═══ ENTRIES SUPPLIED

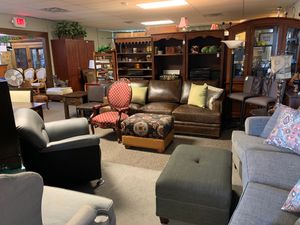 New And Used Antique Furniture For Sale In Mesquite Tx Offerup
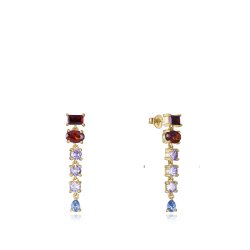 PENDIENTES VICEROY 9100E100-39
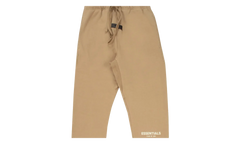 Essentials Sweatpant "Oak" 130BT212025F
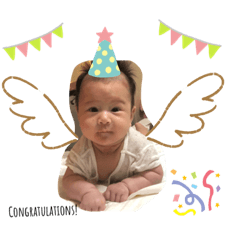 @ 挖系Surprise轟轟 @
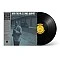 Miles Davis - Workin With The Miles Davis Quintet (Audiophile) Plak LP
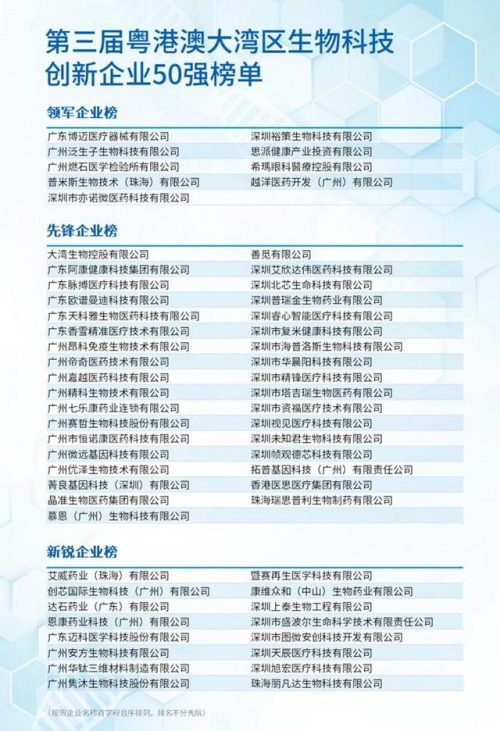 金翎奖金翎奖揭晓，科技与创新的风向标-第1张图片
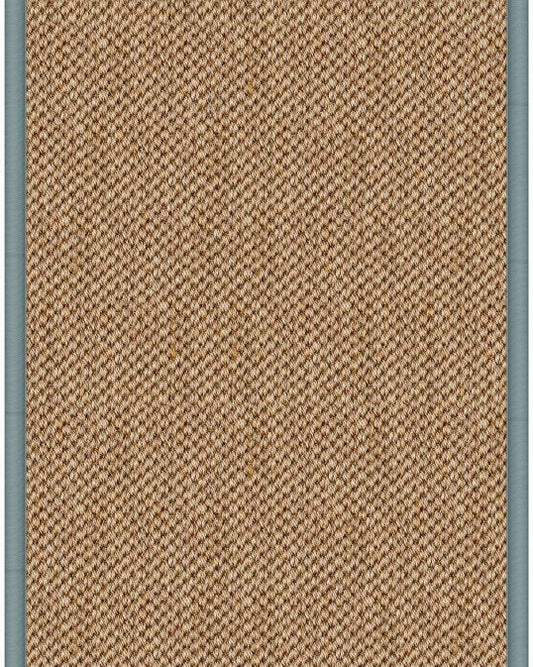 Stair Runner MOMO Rugs Sisal 2537 B1070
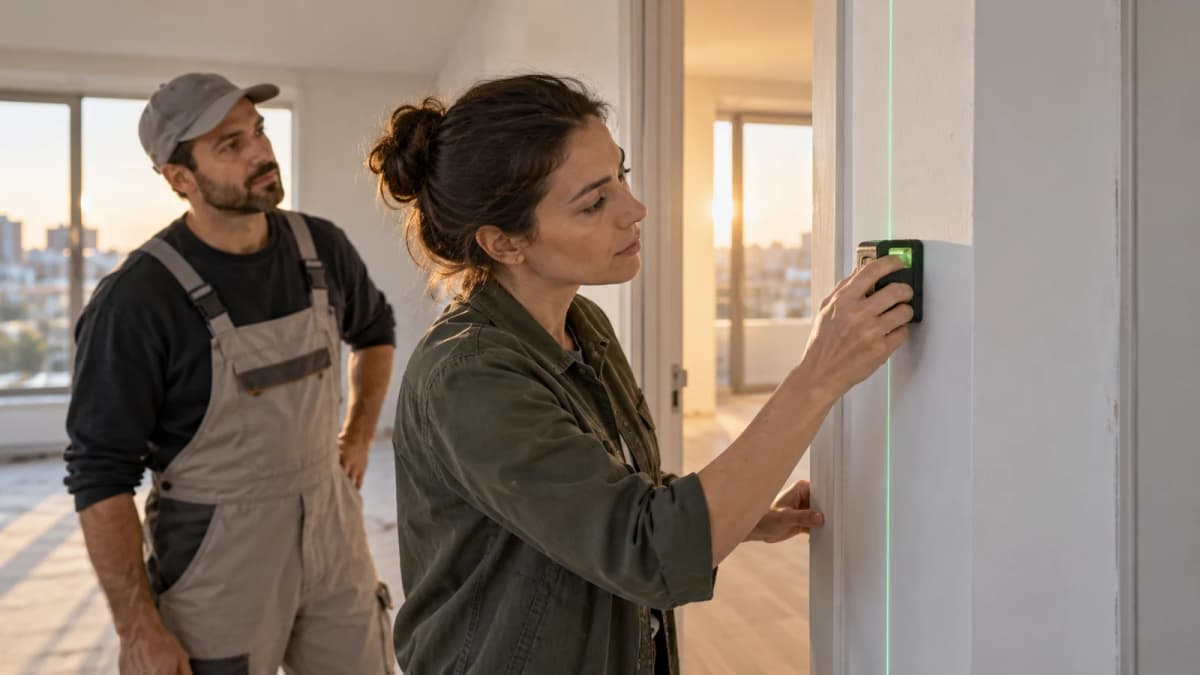 « Suivi de chantier » : que promettez-vous réellement à votre client ?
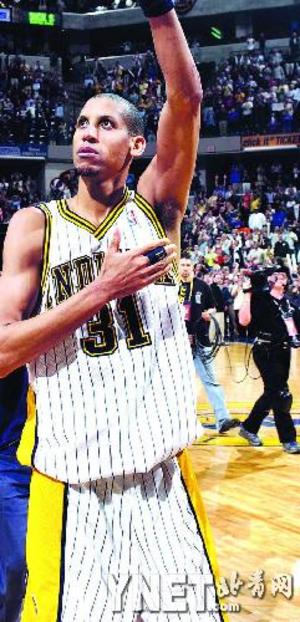 这种年轻力 这种年轻力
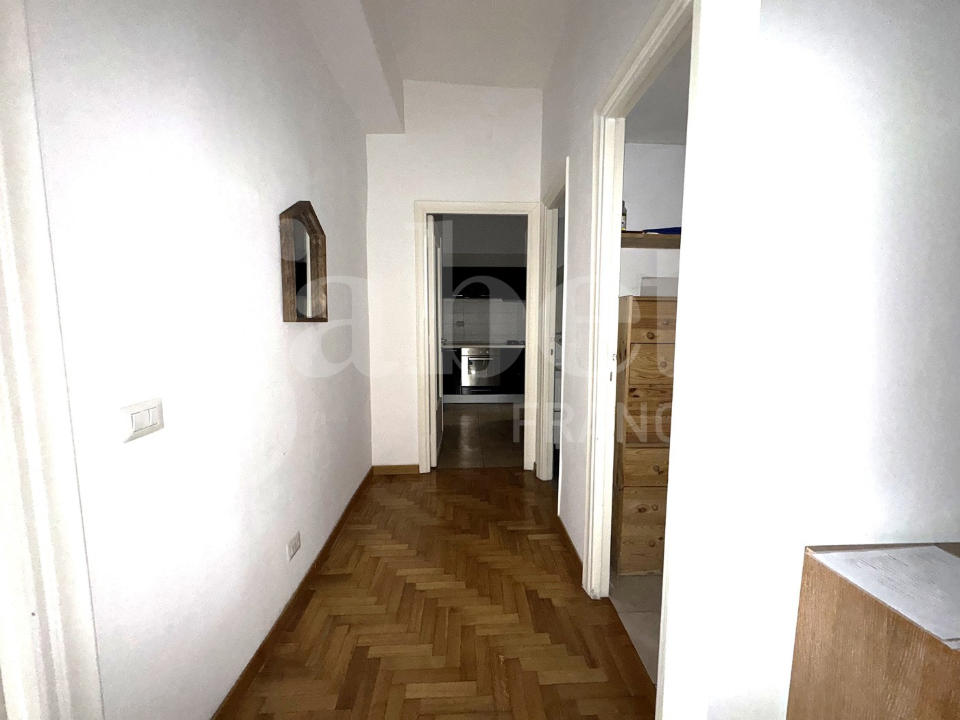 Appartamento - Image 19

══════

### WHAT TO WORK ON
With pictures left out, transcribe each line from the one containing "Miles Davis - Workin" through the end of the data, both ends included.

### FINISHED TASK
 Miles Davis - Workin With The Miles Davis Quintet (Audiophile) Plak LP
 金翎奖金翎奖揭晓，科技与创新的风向标-第1张图片
 Stair Runner MOMO Rugs Sisal 2537 B1070
 « Suivi de chantier » : que promettez-vous réellement à votre client ?
 这种年轻力 这种年轻力
 Appartamento - Image 19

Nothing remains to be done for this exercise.